- Exercise requirements: Transcribe only the lines from the one containing "أسعار النفط تتراجع" through the final line of the entries below, exactly, and exclude the pictures.

*** Supplied information Section Begins ***

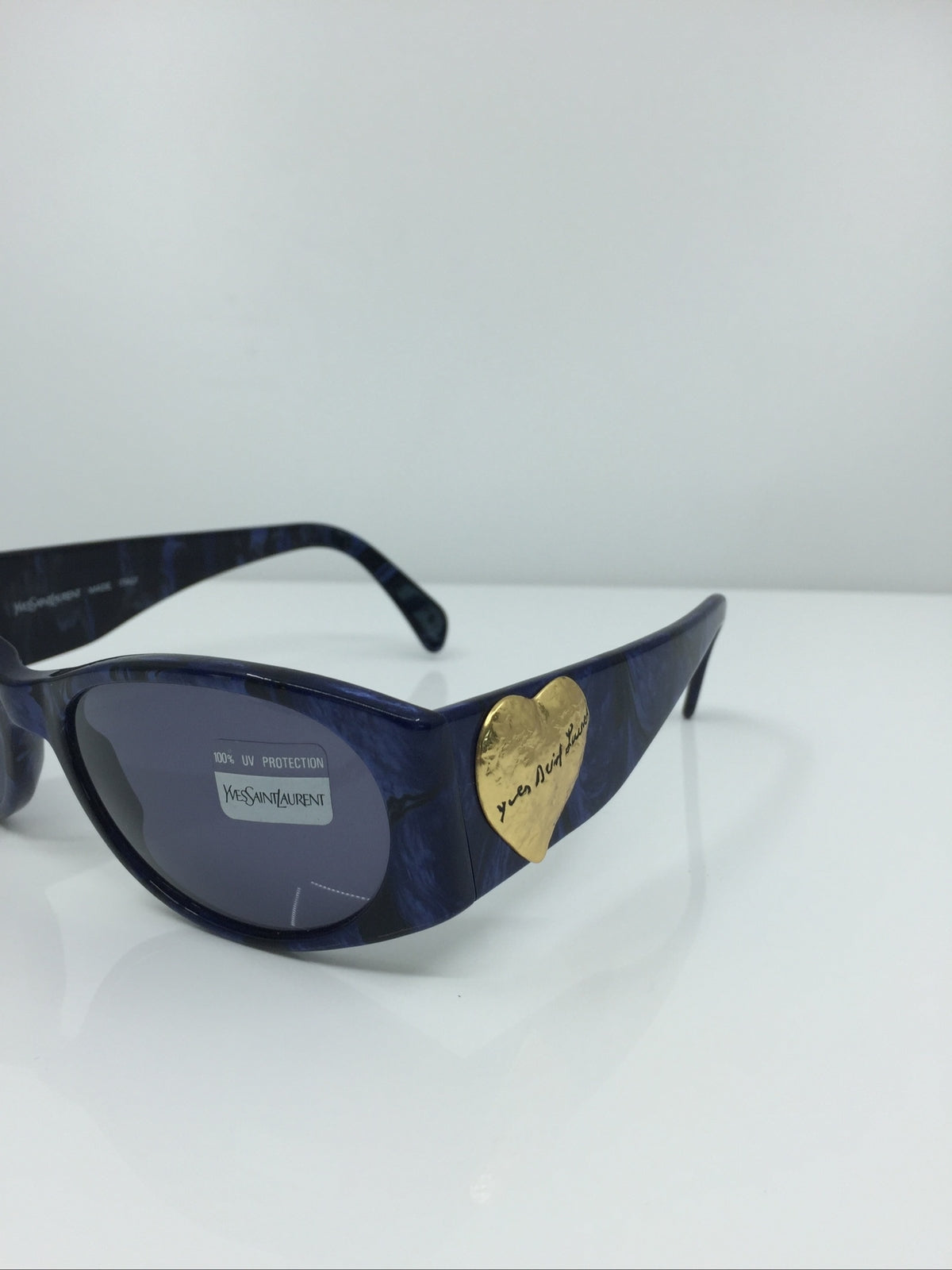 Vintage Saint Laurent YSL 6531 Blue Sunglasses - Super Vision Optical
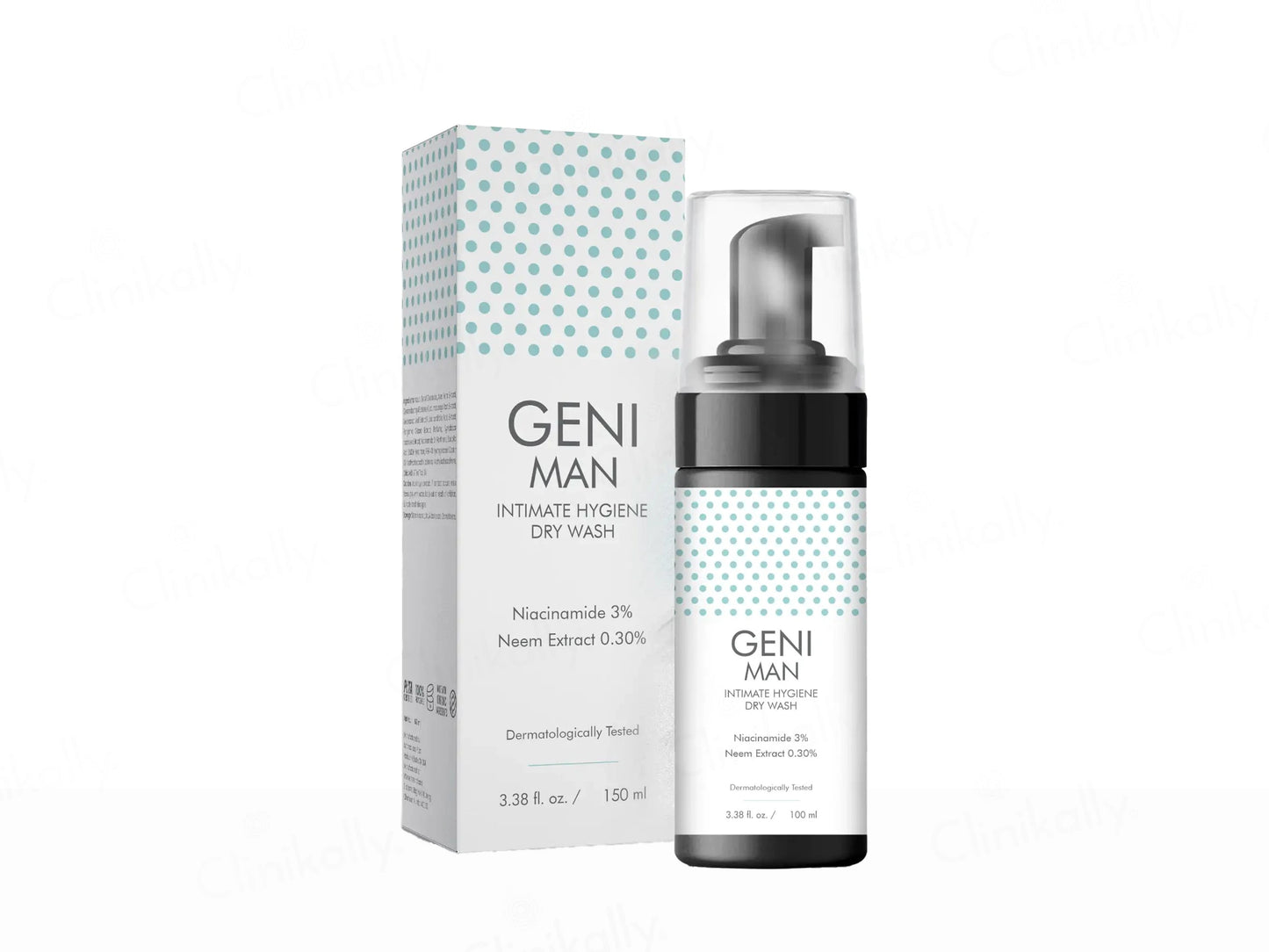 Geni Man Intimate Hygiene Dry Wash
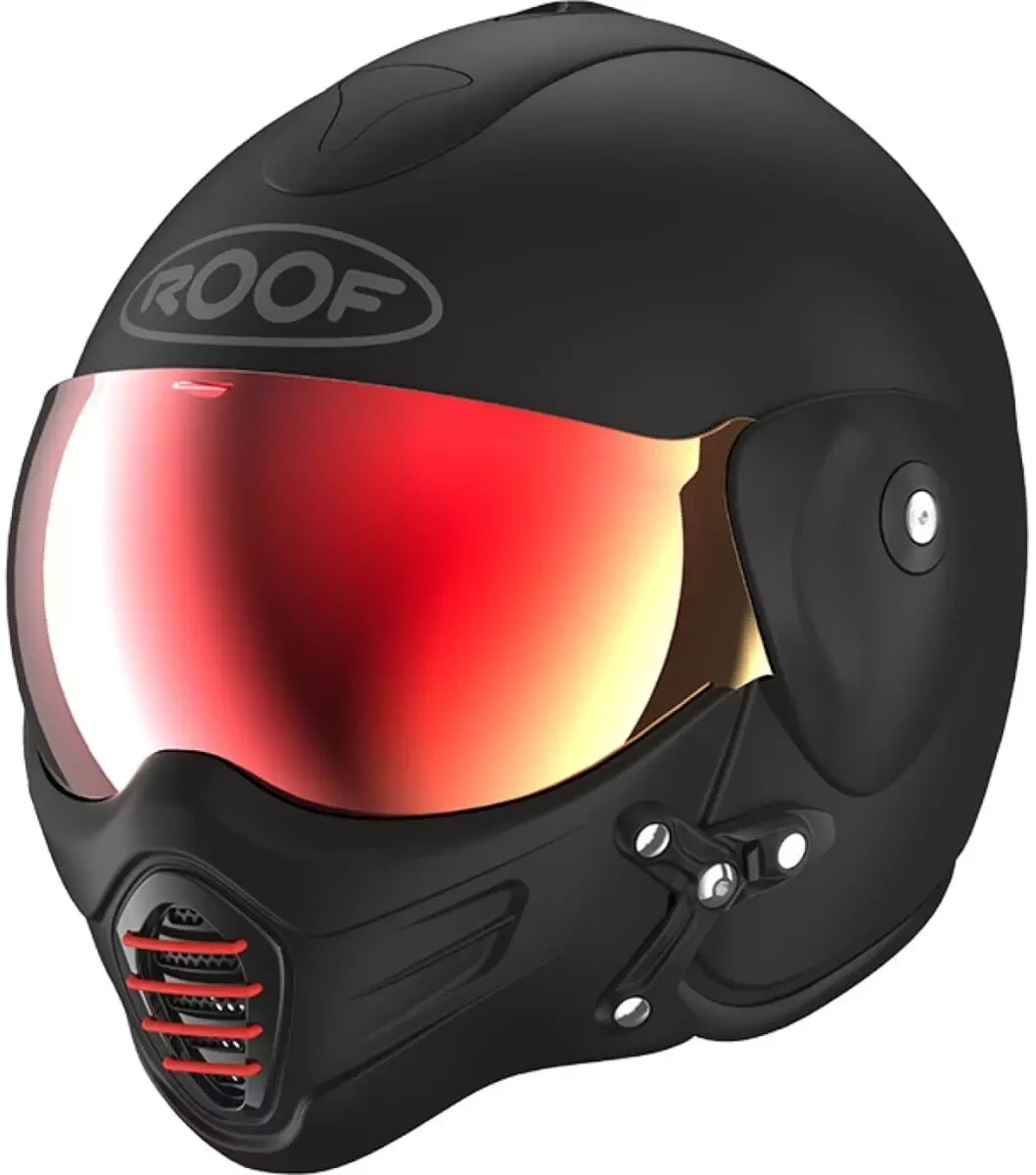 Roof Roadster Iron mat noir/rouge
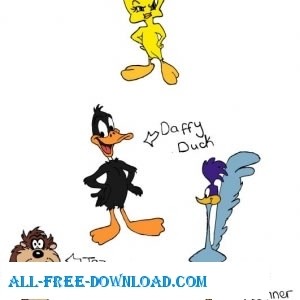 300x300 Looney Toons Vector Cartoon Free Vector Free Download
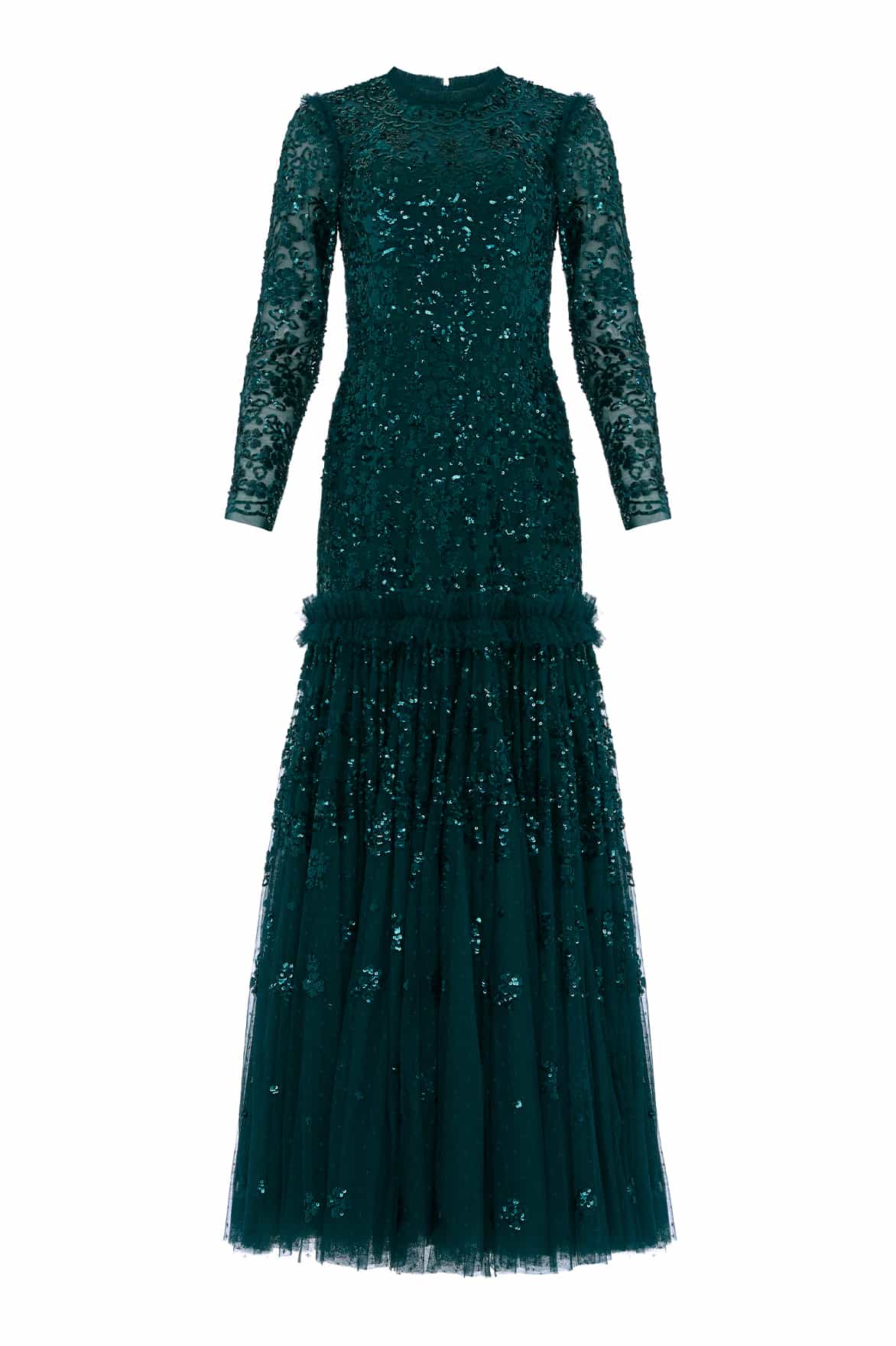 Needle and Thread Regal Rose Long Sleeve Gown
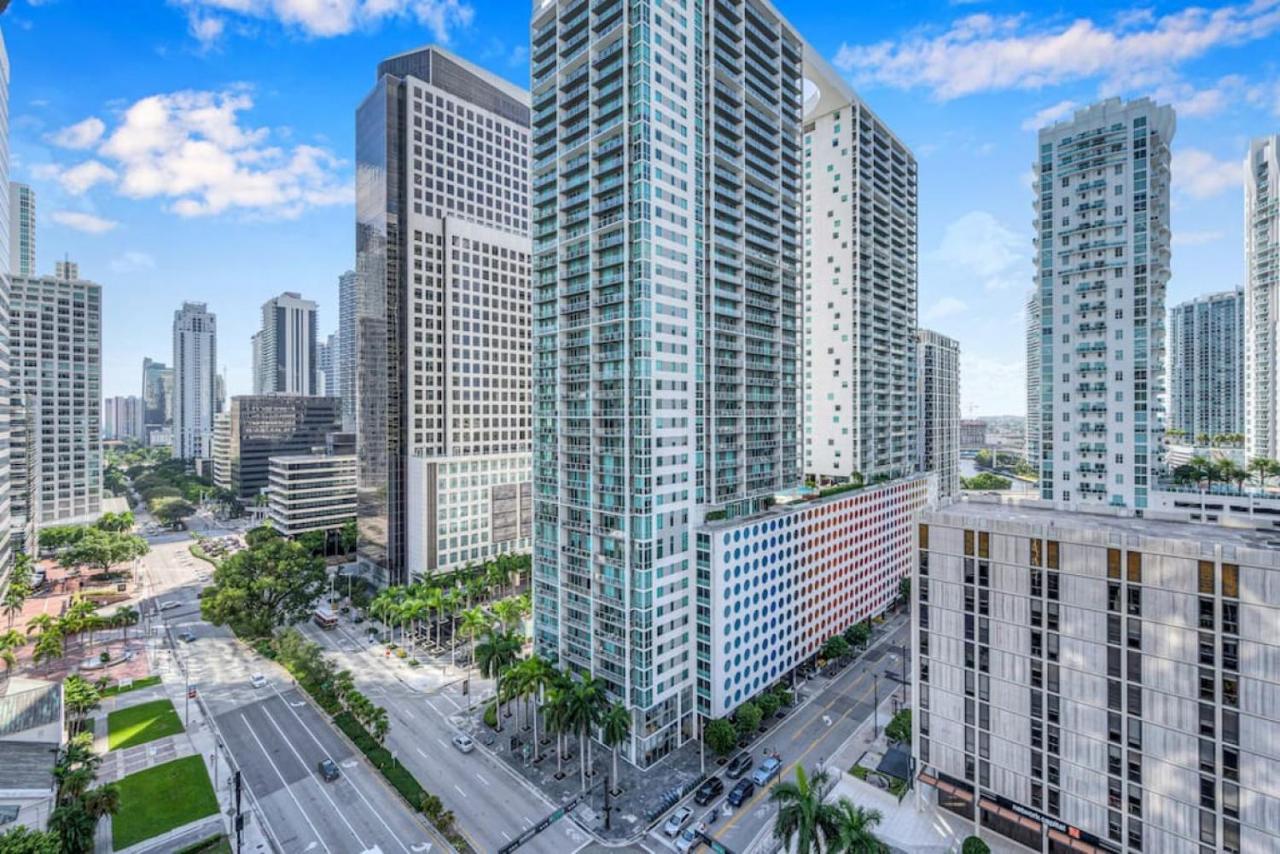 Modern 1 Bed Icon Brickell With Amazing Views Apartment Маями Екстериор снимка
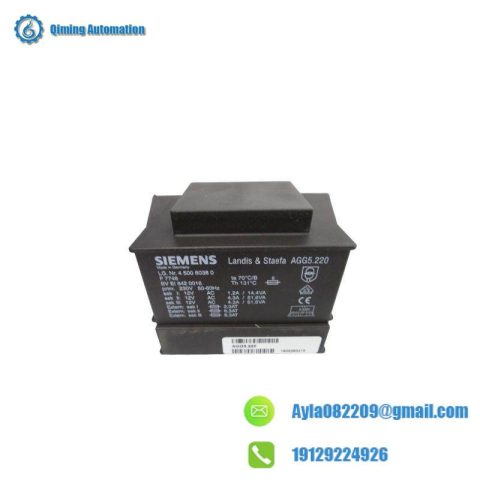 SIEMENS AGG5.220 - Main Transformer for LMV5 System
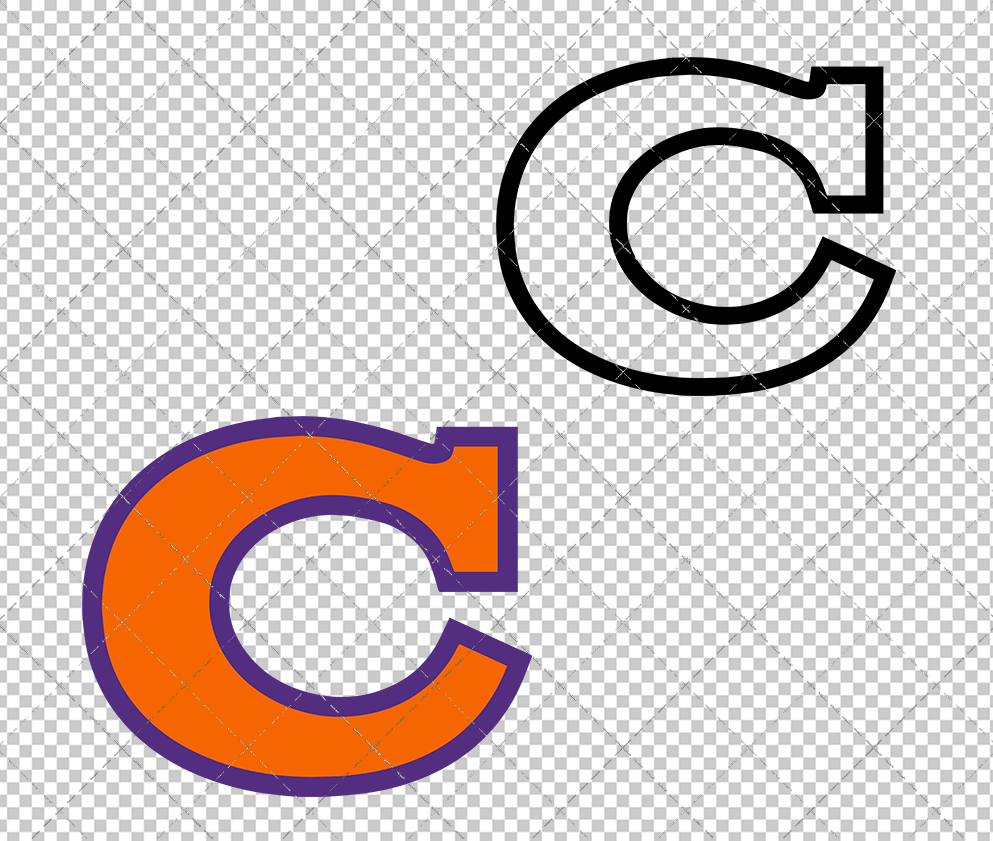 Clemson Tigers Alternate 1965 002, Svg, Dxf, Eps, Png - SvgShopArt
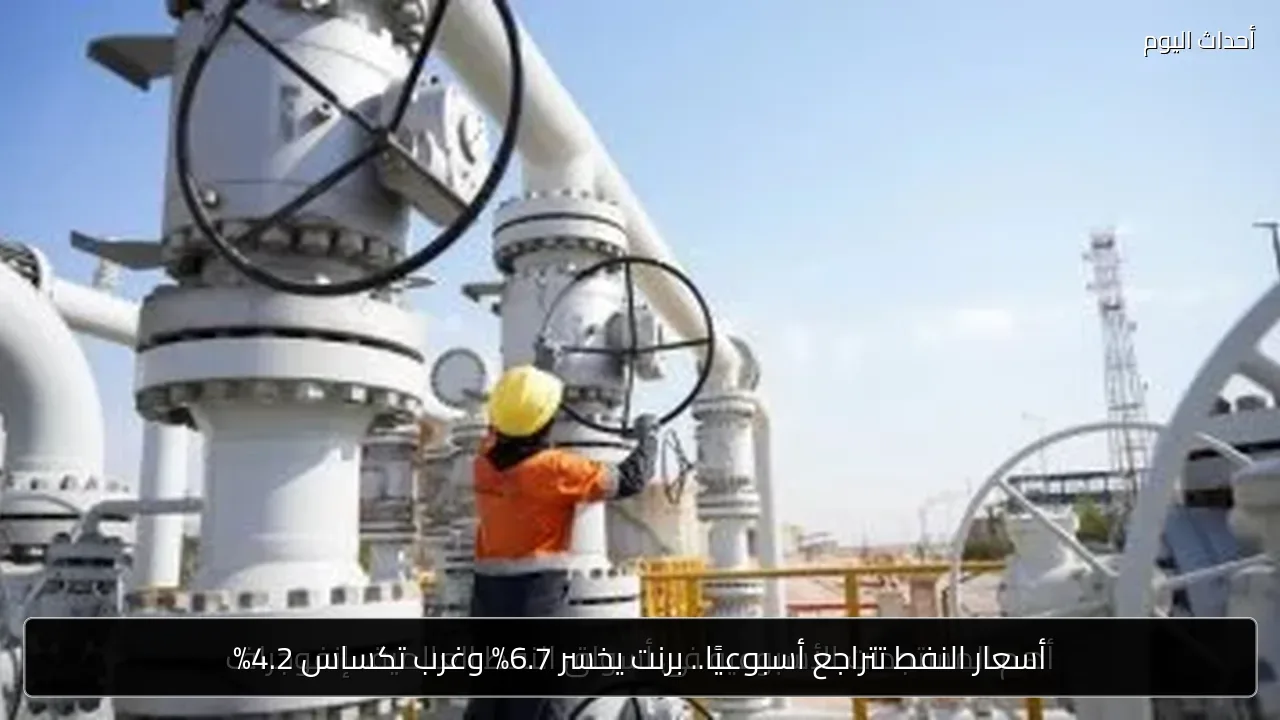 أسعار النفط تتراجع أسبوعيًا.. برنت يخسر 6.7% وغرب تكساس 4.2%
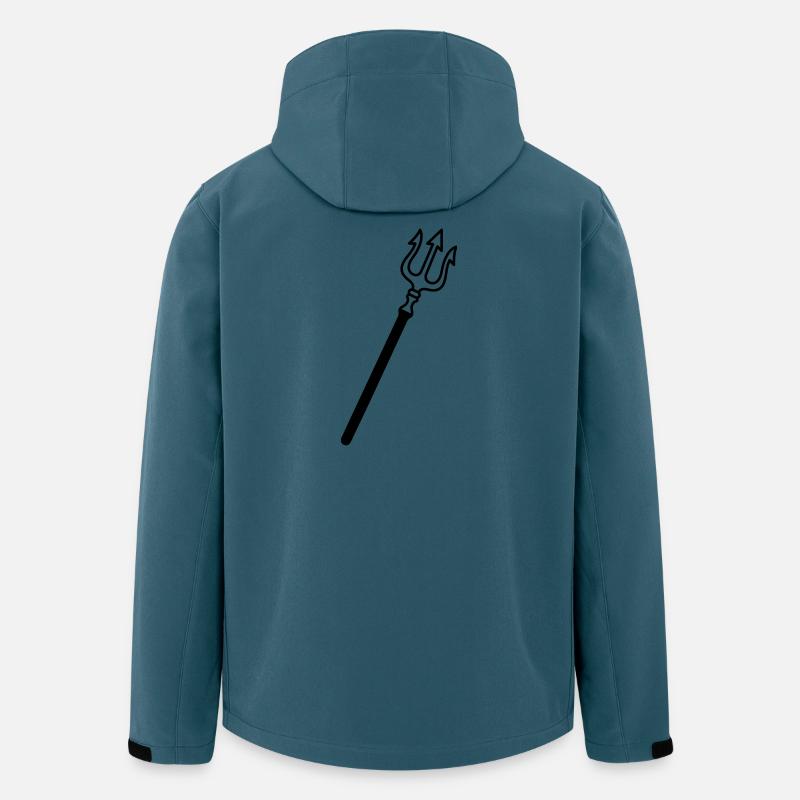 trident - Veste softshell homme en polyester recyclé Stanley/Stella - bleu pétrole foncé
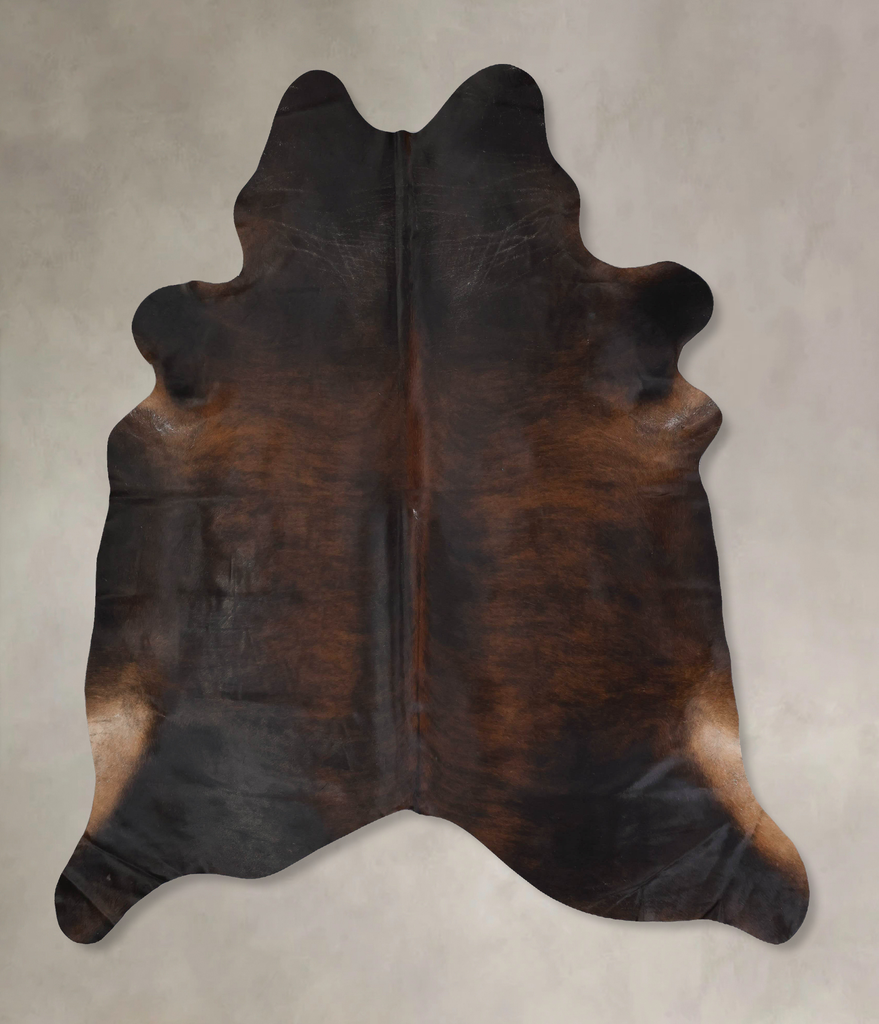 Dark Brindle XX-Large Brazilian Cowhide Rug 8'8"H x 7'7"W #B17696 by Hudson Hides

*** Supplied information Section Ends ***

- Written answer:
 أسعار النفط تتراجع أسبوعيًا.. برنت يخسر 6.7% وغرب تكساس 4.2%
 trident - Veste softshell homme en polyester recyclé Stanley/Stella - bleu pétrole foncé
 Dark Brindle XX-Large Brazilian Cowhide Rug 8'8"H x 7'7"W #B17696 by Hudson Hides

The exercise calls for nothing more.